### Directions
Every line below that carries the word "license" needs to be copied.

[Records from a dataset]
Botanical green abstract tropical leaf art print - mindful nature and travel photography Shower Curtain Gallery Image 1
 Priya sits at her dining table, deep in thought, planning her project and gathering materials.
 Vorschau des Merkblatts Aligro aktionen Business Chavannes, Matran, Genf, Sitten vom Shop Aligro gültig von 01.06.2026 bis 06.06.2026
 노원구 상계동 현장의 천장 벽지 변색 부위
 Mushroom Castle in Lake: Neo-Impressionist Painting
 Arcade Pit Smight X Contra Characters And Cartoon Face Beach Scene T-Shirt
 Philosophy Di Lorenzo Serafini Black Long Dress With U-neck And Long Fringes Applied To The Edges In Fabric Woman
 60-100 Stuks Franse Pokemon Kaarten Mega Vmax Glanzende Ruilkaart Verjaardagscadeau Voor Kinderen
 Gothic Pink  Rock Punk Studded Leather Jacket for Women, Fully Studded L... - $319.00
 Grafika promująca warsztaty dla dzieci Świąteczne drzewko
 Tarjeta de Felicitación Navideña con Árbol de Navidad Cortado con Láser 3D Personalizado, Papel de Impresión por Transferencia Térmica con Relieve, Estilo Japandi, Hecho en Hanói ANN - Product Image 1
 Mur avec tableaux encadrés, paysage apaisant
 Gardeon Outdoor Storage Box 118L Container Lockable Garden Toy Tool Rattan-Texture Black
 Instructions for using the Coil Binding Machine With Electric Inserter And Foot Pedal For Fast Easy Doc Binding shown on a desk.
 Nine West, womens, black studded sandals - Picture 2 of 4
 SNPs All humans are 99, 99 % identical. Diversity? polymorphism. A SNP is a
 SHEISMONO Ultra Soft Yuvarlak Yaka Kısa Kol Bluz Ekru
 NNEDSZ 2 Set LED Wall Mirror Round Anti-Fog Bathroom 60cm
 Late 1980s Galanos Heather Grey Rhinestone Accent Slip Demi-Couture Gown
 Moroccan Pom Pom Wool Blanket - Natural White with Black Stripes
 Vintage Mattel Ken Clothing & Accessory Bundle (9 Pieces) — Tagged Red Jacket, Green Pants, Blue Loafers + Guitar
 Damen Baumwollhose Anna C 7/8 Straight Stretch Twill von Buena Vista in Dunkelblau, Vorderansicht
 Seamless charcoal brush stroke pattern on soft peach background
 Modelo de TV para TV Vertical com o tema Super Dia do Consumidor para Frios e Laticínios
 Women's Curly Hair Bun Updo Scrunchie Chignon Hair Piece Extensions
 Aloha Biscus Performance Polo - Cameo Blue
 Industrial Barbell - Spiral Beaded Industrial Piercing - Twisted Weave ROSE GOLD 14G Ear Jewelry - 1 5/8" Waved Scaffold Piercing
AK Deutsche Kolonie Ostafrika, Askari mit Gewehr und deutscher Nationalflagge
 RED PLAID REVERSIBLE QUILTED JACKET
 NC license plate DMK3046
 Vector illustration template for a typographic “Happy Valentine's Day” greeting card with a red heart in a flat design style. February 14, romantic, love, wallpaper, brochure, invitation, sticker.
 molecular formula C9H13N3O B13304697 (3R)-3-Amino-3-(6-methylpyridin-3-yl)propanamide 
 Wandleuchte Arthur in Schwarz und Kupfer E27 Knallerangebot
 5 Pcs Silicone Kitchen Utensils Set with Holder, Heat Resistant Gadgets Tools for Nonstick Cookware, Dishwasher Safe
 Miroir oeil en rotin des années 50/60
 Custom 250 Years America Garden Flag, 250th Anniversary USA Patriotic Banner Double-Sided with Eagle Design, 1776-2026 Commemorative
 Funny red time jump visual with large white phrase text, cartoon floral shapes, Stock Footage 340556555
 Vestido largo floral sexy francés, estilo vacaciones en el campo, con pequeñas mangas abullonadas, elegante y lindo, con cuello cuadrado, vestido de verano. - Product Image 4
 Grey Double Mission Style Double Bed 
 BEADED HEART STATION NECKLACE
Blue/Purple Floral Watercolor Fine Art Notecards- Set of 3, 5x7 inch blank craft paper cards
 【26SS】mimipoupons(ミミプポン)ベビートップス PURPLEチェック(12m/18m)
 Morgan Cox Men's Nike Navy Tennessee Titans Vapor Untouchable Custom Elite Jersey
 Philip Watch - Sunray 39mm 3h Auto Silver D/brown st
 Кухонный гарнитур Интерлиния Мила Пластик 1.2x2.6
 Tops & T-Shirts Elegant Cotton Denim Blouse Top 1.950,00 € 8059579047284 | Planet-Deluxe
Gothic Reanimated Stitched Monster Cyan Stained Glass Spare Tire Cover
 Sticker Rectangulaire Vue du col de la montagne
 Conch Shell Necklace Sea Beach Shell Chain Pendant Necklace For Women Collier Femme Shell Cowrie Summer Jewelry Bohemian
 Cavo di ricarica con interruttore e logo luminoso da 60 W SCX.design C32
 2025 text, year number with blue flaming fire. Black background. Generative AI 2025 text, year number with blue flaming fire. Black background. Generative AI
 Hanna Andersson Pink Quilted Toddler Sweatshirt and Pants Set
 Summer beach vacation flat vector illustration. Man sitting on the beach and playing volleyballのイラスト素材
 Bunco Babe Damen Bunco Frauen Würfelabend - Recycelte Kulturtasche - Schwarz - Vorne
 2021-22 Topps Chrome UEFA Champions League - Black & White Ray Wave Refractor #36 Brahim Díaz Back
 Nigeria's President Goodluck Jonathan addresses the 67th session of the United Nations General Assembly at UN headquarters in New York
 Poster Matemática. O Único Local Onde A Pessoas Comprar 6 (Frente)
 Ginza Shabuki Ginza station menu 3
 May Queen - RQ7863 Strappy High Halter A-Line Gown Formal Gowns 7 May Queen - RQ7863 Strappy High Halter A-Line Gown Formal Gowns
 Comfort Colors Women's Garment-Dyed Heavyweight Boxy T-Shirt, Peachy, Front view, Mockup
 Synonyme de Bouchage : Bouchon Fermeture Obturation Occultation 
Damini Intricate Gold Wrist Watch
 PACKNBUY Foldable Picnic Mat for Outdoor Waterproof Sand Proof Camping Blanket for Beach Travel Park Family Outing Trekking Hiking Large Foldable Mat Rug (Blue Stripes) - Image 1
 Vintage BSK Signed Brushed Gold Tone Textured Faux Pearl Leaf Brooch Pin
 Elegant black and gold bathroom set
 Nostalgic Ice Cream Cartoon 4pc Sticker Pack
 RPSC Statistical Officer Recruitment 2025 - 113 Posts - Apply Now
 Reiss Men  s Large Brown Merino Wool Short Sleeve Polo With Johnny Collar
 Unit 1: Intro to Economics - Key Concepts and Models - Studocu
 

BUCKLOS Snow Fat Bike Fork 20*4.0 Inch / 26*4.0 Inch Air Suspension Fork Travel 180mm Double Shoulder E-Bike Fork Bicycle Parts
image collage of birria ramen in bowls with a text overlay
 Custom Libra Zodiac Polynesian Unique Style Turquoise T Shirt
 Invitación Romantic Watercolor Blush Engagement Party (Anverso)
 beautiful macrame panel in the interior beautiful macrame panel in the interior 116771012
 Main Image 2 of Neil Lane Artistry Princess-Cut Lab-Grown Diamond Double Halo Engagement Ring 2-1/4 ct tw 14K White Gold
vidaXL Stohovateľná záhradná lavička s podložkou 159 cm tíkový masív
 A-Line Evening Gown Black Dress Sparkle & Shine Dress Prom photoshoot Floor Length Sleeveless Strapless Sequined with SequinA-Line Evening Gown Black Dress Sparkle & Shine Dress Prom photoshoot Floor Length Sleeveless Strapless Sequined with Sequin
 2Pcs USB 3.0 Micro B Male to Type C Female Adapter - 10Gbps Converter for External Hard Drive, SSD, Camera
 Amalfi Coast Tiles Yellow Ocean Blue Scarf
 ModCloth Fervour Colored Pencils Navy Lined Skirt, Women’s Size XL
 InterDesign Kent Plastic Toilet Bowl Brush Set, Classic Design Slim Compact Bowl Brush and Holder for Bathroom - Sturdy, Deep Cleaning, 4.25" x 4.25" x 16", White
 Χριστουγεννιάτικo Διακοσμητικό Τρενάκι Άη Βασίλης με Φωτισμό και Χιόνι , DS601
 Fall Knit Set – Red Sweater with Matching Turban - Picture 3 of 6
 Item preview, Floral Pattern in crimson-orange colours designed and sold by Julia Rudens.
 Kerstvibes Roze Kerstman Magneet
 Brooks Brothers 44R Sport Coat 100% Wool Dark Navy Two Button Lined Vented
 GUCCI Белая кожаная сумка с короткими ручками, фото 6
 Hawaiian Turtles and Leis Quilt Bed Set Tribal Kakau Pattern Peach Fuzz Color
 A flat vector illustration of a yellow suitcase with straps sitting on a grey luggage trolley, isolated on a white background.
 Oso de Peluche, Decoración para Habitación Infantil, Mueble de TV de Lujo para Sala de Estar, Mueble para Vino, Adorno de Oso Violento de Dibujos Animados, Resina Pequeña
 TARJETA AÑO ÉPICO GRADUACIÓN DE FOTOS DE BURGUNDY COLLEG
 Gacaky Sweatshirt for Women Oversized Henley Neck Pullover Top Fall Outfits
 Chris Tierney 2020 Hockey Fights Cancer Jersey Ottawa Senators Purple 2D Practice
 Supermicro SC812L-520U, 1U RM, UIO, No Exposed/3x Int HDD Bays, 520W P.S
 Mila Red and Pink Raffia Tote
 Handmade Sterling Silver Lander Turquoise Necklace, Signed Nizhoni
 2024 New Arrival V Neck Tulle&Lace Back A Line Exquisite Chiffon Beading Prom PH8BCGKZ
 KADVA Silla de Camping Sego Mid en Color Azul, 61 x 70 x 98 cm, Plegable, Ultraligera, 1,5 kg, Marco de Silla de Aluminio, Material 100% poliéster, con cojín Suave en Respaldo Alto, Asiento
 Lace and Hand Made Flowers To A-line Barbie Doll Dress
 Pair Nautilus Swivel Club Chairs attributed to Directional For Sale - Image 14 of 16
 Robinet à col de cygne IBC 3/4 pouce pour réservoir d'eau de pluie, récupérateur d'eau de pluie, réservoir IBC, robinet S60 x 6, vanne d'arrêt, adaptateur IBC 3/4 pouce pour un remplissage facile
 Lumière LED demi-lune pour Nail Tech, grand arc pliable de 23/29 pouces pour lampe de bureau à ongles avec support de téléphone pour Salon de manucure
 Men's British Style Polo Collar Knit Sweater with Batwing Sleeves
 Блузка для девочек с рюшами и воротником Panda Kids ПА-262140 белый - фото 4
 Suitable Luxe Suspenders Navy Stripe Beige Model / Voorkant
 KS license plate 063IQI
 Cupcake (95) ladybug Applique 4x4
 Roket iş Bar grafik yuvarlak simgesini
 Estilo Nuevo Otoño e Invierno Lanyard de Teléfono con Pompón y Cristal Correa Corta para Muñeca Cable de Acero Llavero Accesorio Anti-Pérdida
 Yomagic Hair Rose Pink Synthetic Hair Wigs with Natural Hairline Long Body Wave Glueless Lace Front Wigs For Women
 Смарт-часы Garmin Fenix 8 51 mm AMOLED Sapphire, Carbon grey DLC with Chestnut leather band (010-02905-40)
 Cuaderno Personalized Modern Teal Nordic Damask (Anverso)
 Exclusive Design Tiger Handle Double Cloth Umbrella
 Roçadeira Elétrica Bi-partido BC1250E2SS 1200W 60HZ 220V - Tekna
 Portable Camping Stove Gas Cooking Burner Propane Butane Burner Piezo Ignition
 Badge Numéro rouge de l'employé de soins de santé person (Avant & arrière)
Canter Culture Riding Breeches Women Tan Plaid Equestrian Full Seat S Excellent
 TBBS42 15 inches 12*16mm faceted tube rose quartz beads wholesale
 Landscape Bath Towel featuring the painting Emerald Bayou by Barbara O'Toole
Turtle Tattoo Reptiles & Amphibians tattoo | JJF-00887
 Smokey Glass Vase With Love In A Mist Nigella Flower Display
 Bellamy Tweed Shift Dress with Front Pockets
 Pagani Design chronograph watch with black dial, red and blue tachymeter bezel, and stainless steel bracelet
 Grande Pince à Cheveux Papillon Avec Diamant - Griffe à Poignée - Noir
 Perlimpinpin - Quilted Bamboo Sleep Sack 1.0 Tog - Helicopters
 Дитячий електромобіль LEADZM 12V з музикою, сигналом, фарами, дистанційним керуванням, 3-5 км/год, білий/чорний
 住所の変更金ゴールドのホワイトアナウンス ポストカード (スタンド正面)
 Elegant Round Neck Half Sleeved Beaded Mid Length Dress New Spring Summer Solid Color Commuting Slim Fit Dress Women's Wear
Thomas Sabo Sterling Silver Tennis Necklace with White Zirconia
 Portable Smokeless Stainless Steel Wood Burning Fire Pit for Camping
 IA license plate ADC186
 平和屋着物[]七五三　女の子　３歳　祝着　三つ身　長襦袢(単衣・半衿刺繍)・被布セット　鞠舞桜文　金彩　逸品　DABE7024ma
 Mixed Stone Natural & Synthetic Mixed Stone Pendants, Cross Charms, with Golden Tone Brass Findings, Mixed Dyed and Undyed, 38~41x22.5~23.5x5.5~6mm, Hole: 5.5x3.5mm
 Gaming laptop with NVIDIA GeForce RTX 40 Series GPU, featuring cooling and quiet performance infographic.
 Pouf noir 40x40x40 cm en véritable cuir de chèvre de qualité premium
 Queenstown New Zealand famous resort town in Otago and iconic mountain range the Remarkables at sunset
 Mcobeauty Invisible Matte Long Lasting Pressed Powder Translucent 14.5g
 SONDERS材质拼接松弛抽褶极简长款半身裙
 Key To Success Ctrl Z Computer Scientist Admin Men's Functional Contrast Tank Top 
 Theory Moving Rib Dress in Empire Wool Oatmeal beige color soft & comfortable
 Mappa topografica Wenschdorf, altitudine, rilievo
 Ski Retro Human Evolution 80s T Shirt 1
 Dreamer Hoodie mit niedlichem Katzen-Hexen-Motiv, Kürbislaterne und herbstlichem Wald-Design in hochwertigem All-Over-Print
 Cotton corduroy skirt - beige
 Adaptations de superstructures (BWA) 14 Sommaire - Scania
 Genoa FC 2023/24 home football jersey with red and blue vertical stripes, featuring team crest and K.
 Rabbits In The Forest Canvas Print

### Response to this task
 NC license plate DMK3046
 KS license plate 063IQI
 IA license plate ADC186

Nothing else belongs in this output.